Ask and her husband, Peter, have been on a mission to find and document Raugland’s paintings and have located about 120 of them, she said, “which is pretty good,” considering the age of the paintings.

According to historical records, other locations in northeastern North Dakota that have, or did have, Raugland paintings include:

  • Bottineau: Bottineau City Museum
  • Carbury: Turtle Mountain Lutheran Church
  • Cummings: Highland Lutheran Church
  • Cooperstown: Trinity Lutheran Church
  • Edinburg: Odalen Lutheran Church at Edinburg (painting lost to fire in 2007)
  • Hatton: Bethany Lutheran Church, Goose River Lutheran Church (church burned in 1983) and Little Forks Lutheran Church
  • Honeyford: St. Paul’s Lutheran Church
  • Hoople: Park Center Lutheran Church
  • Kloten: Valley Grove Lutheran
  • Northwood: West Union Lutheran Church
  • Reynolds: Zion Lutheran Church (now Reynolds Lutheran Church) and Stjordahlen Lutheran Church (a Reynolds parish, but located in Hatton)
  • Thompson: St. Matthew’s Lutheran Church
  • Walhalla: Big Pembina Lutheran Church (lost in 2014 fire)

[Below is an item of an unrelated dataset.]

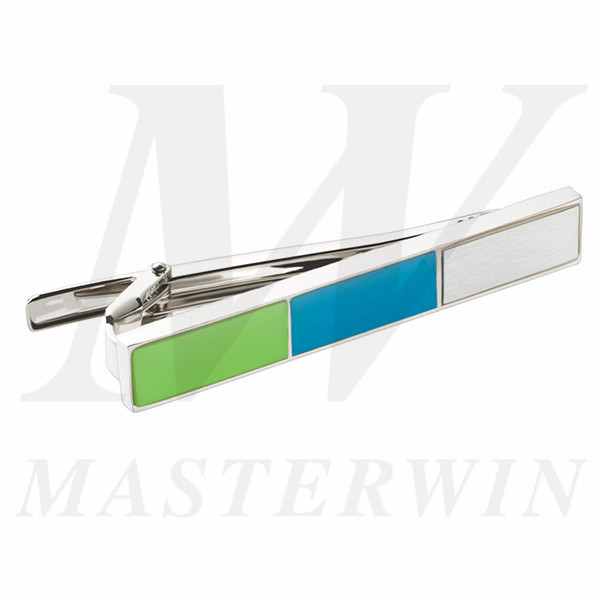 Metal tie clip_B4354-01
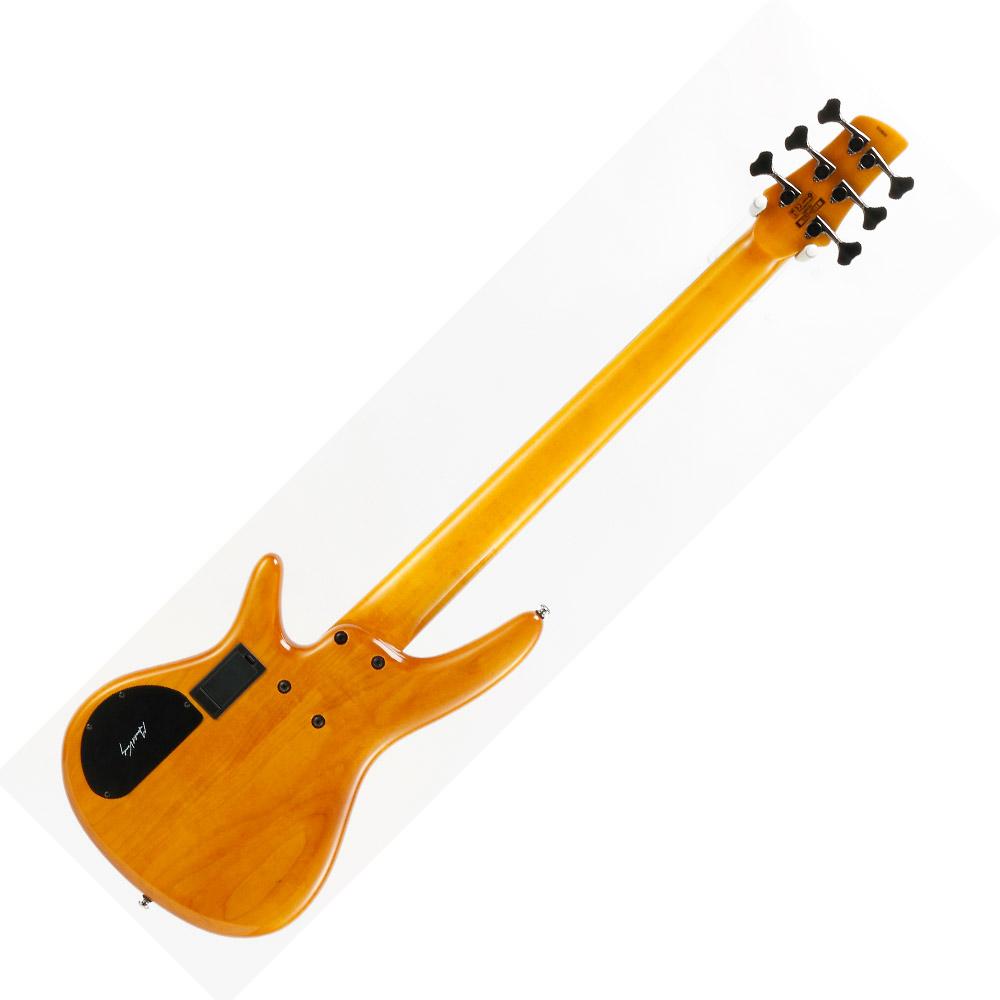 Ibanez GVB36 Gerald Veasley 簽名款六弦電貝斯 Ibanez GVB36 Gerald Veasley 簽名款六弦電貝斯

And, in northwestern Minnesota, these locations have, or did have, Raugland paintings:

  • Battle Lake: Trefoldighed Lutheran Church
  • Fertile: Maple Lake Lutheran Church (two paintings, including one from the Hitterdal Lutheran Church)
  • Fosston: Kingo Lutheran Church
  • Pelican Rapids: Grove Lake Lutheran Church

Some of her paintings were sent to missions in China, Hoffman said, and one is in the Heensasen Lutheran Church of Valdres, Norway.

Raugland was one of the very few female altar-piece painters, and one of the earliest — male or female — to venture into the niche for which she is best known, Hoffman said.

“She was very talented at a very young age,” Ask said, noting that Raugland began sketching as a schoolgirl.

Ask is unsure how her great-great-aunt became interested in altar pieces, but speculated it was a popular medium.

“It was unusual for a woman to have a professional career as an artist at that time,” Ask said. “It must have taken a lot of guts. It was equally unusual to have her own listing in the city directories and to maintain a studio outside her home.”

Sara Kirkeberg Raugland stopped painting alter pieces in 1918 after the death of her husband, but continued creating small paintings while living with her daughter until 1960 when she died at age 98.